Francis issued a brief but unequivocal decree underscoring sections of a document he issued in 2021, when he overturned liberalising decisions by his two predecessors, who had been more lenient towards the traditional Latin Mass.
Since 2021 some conservative bishops have openly defied the pope, resulting in the latest chapter of what some have dubbed the Church’s “liturgy wars”.
In particular, some bishops skirted the part of the 2021 regulations that prohibited the use of parish churches for Latin Mass and the opening of new churches dedicated to it, unless they received a specific dispensation from the Vatican.
Some also had closed an eye to the regulation that priests ordained after 2021 needed special permission from the Vatican to say the old-style Latin Mass.
Tuesday’s papal decree stresses the original rules in the 2021 document and says specifically that bishops who acted without a Vatican dispensation must now seek one retroactively.
Some conservatives in the Church have used the Latin Mass as a battle cry in their general opposition to the reforms of the 1962-1965 Second Vatican Council, which included the introduction of Mass in vernacular languages.
Religious conservatives in the United States in particular have used the Latin Mass debate to align with politically conservative media outlets to criticise the pope over a host of other issues such as climate change, immigration and social justice.

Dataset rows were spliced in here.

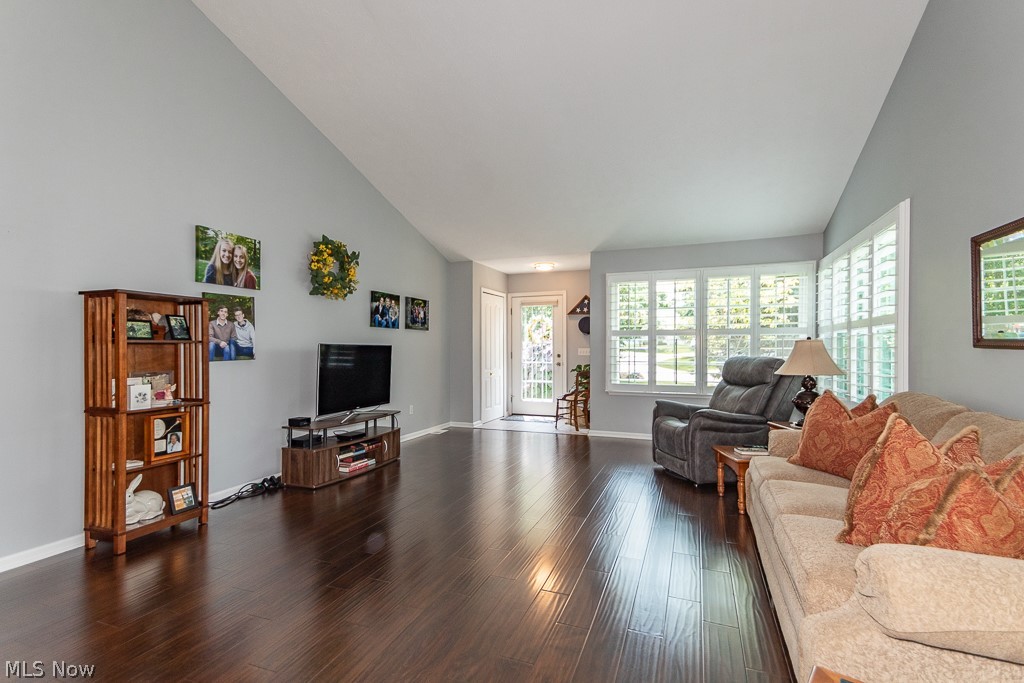 118 Kensington Court Aurora OH 44202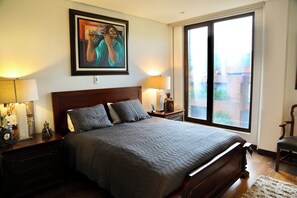 4 bedrooms, desk, iron/ironing board, WiFi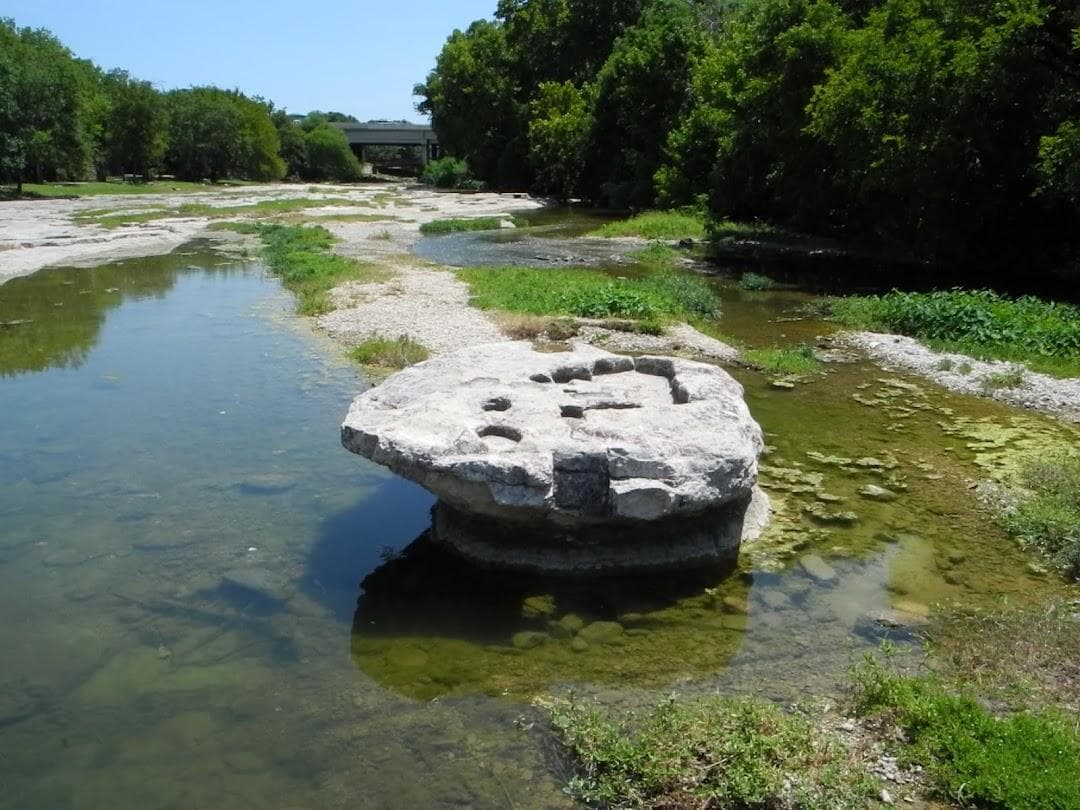 Round Rock photo 1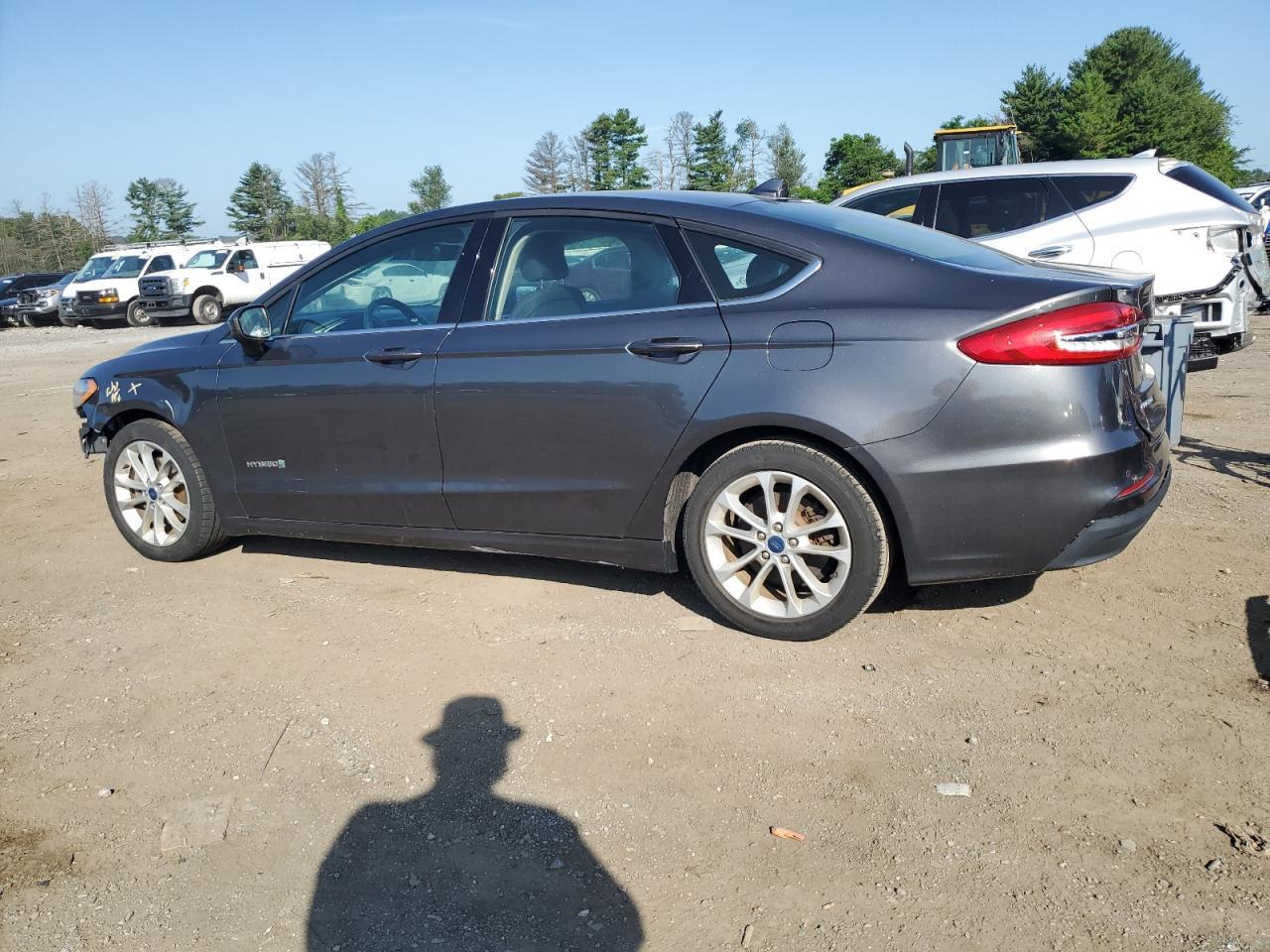 2019 Ford Fusion Se - Image 2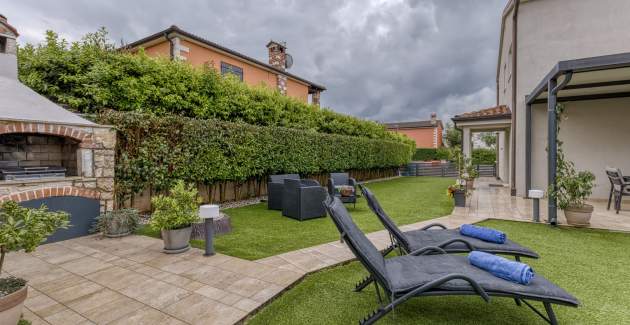 Holiday House Antea
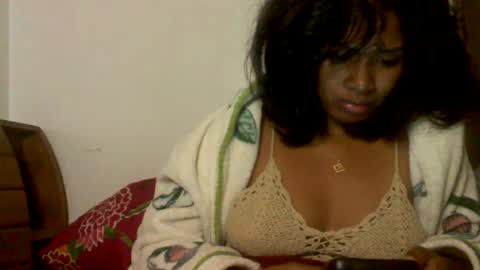 Snapshot of sexylarra12 chatting on 05/16/26, 02:19 sexylarra12 online show from 05/16/26, 02:19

When he first issued the restrictions in 2021, Francis said the good will and leniency shown by his predecessors – Pope John Paul II and Pope Benedict XVI – had been “exploited” by some for ideological reasons, risking further division.
Before the Council, Catholic Mass was a much more elaborate ritual led in Latin by a priest facing east with his back to the congregation for most of the service. Vatican II modernised the liturgy, including more active participation by the congregation.
Traditionalists, who are a small but very vocal minority in the 1.3 billion-member Church, have rejected the new Mass, which is known as the Novus Ordo and entered into general use in the early 1970s. Many missed the Latin rites’ sense of mystery and awe and the centuries-old sacred music that went with it.